Look at the date. COVID-19 was barely two months old as an official pandemic and there were 100,000 dead in the US alone.

JackP133 on May 24th, 2025 at 20:31 UTC »

Reading through that list was incredibly somber for me and reminded me of all the patients I interacted with who had Covid or died from it. The first month or so of Covid was weird, like it seemed like maybe the U.S. might actually pull it together and through it. And then it's like a switch flipped and people started going crazy, I had people accosting me while I was at work in public and asking me insane conspiracy questions. I wish those people who didn't and don't believe Covid existed or whatever could have had my perspective for a day.

I worked on an ambulance for the entire duration and I still remember the sounds of a patient begging for help because they couldn't breathe and were going home on hospice and there was nothing else the hospital could do for them. Or what it was like to walk into a house where both 30-something roommates just inexplicably dropped dead after having Covid. Then having to work them both and contact the families. Spending 100 degree summer days in trashbag-ppe gowns and your face hurting from wearing an N95 all day while you worked on patients in the back. The whole while we went from "heroes" to villains for people, foot soldiers of some grand conspiracy which didn't exist.
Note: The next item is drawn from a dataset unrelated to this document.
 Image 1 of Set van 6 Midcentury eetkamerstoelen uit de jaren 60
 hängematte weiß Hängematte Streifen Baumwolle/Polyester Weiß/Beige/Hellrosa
I dunno... I think sometimes things got like that because a lot of people were forced to confront their own mortality for the first time. Realistically though, I learned that people are just selfish and self-centered assholes whose only concern is themselves. I remember being scared before Covid finally hit and we were doing daily briefings and these crazy videos were coming out of China and Italy. I was and still am immunocompromised, and was given the option to go and do admin work. My family and doctors were all worried that I might get and die, even. But I made the decision to stay and said I wouldn't run from doing the right thing. But to look back at it all just 4 or 5 years past, I'm just disappointed. All that work and to witness all that suffering just have society at large tell you you're a liar, evil, a murderer. To hardly have even the government behind your back during a pandemic. When another pandemic hits, I'm not sticking around again. I've been through it once and that was enough for me. I'll sit at home this next time around.
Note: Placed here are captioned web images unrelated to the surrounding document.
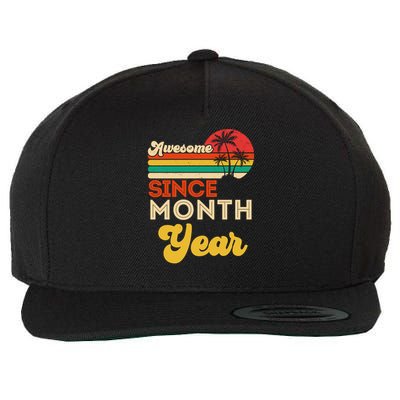 Vintage Awesome Since Customize Month And Year Birthday Wool Snapback Cap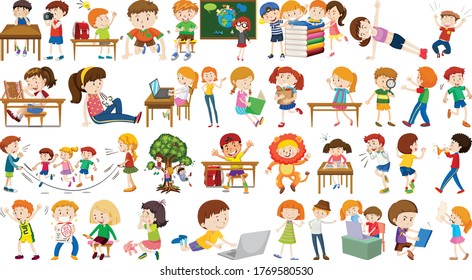 Set of cute kids cartoon character illustration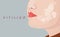 Close up vitiligo skin problems on woman face illustration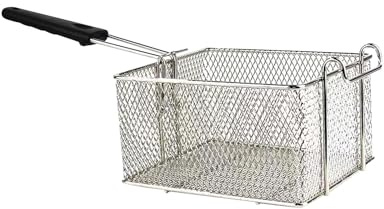 perfk Frittierkorb-Sieb aus Metallgeflecht, 25 x 19 x 14 cm, Abnehmbarer Griff für elektrische Fritteuse, Stabiler Griff gegen Verbrühungen, Netz-Skimmer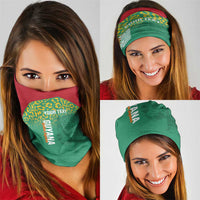 Custom Guyana Football Neck Gaiter Go Golden Jaguars Green Version - Wonder Print Shop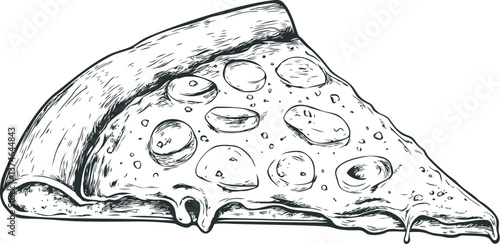 Slice of pizza with pepperoni illustration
AhavaZahara on May 24th, 2025 at 20:35 UTC »

My uncle died from Covid in those early days. He was 52 and healthy, but he was in a rehab center after major surgery (he broke his back mountain biking). They wouldn't let him out. They wouldn't let us in. Half of the facility were vulnerable, elderly residents, and when Covid came, it spread like wildfire.

It feels like purple have no memory of those early months. The pre-vaccine days.

I talk about him quite a bit. He was like a brother to me. More than a few times, when I mentioned how he died, people have said, "Yeah, but what did he really die of? No one died from just Covid. They lied to us about that. I hope you didn't get the vaccine...."

It's been 5 years and history is already being erased. Those of us who still grieve feel dismissed, gaslighted, angry, and so so disappointed in our fellow Americans.

Wish you were still here, Uncle Ron. No one deserved to die like that.